In the last week Wetherspoons announced that they will be banning single-use plastic straws from 900 of their establishments across the UK and Ireland, preventing approximately 70 million straws entering the environment every year!

A Starbucks plastic takeaway cup and straw.
One of the biggest offenders – Starbucks.

This move is not simply good news.  It is fantastic news; that such a prominent and popular brand can acknowledge AND act upon the devastating issue that is plastic pollution.

In the transition phase no plastic straws will be handed out unless the customer asks for one (I assume I am not the only one that gets wound up when somebody plonks a straw in my cup when I didn’t ask for it!); so, it’s up to you guys now….do not be that person.

One of the biggest issues with plastic pollution
Plastic debris along the shore of Croyde beach

I speak about plastic pollution a lot (< for more info), and there are many people who either get fed up of hearing about it or are not interested – I don’t doubt it.  Conservationists tackle serious obstacles every day, but one of the largest is the attitude of the public.  How do you engage the people who aren’t interested?  How do you motivate the people who feel overwhelmed?

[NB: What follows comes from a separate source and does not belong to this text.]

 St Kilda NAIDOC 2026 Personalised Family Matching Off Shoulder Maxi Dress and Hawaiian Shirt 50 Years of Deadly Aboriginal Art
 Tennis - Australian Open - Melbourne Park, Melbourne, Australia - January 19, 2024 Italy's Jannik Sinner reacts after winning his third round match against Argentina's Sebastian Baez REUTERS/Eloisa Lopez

I don’t have the answer.  I learnt a lot from the conservation optimism conference, but I still don’t have the answer.  What I will say is that, yes, many sustainable products are more expensive, but they’re a one time investment.  Logic surely tells us that, in the long term, it’s the cheaper option….no?

All we can do is raise awareness, show the public that we can make a difference (which we honestly can), and provide advice on making sustainable changes.  And, today, that is what I am going to do.

The Ethical Straw Co.

The Ethical Straw Co was founded by an Australian family who experienced plastic pollution when on holiday in Bali.  The family were able to see the contrast in attitudes towards plastic; many western-owned cafes and bars in Bali are actively reducing their impact by seeking alternatives, which, unfortunately, is a much less common sight in Australia.

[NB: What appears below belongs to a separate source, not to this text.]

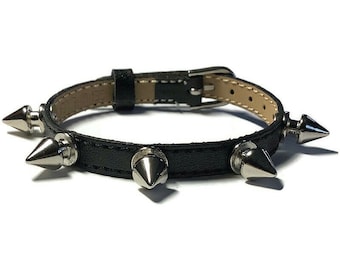 Spike Studded Black Leather Bracelet: Adjustable Punk Wristband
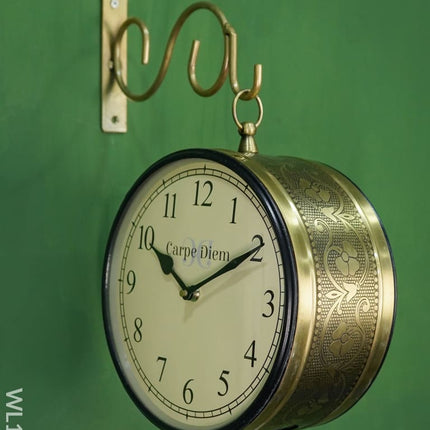 Railway Clock - 8 Inches Wl1784 Floral Brass Finish Wl1784-1 Wall Clocks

Kathleen (left) – business manager, Alex (middle) – creative director, and Samantha (right) – ordering, sourcing, and pricing decided to launch the company in response to what they had seen along Bali’s coastlines.

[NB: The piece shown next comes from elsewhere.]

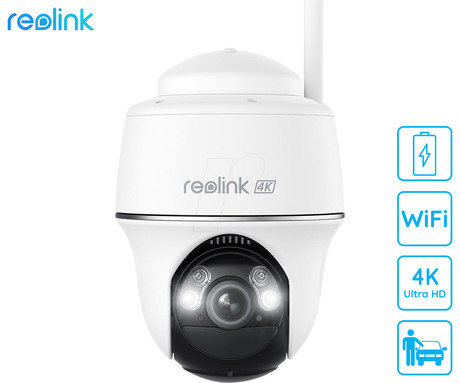 Reolink ARGUS B440 IP kamera, 4K 8MP Ultra HD, Dual WiFi, baterija, vrtenje in nagibanje, IR nočno snemanje, LED reflektorji, aplikacija, vodoodporna, dvosmerna komunikacija, bela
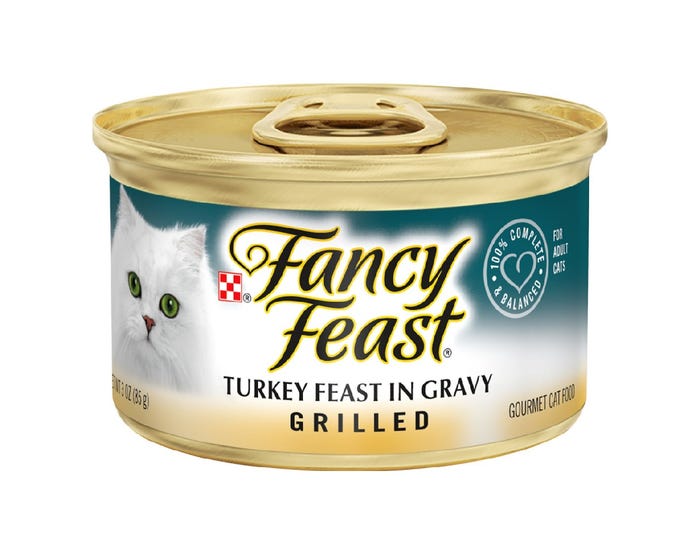 Purina Fancy Feast Grilled Turkey Feast in Gravy Gourmet Cat Food， 3 oz. Can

Their solution – stainless steel straws.

These ladies were kind enough to support my journey towards a waste free life by sending me two straws and two accompanying brushes.  The straws are actually really lightweight, which is a plus – they are sleek, robust, and ten times more attractive in a cocktail than crappy plastic straws!

Processed with VSCO with 6 preset
My brand new straws and brushes from The Ethical Straw Co.

The impact of plastic straws on the environment, particularly marine life, is common knowledge.  Those who aren’t aware are living under a rock (to be perfectly blunt).  I’ve mentioned before that there really isn’t a place for straws in today’s society; we are more than capable of drinking without them and, according to these mothers, so are children.  They serve little purpose other than to look good on your Instagram page and safeguard your lippy.

BUT, I must accept that we cannot hope to convert everybody overnight.  Businesses should be following the example that Wetherspoons have set, and should be looking to replace plastic straws with biodegradable alternatives.

But really….the responsibility lies with us – the consumer.  We understand the issue and we can take action.  Take a stand and refuse the plastic straw that is offered to you.  It’s as simple as that.  The best thing about The Ethical Straw Co’s straws is that they will fit seamlessly in your clutch or purse without taking up room.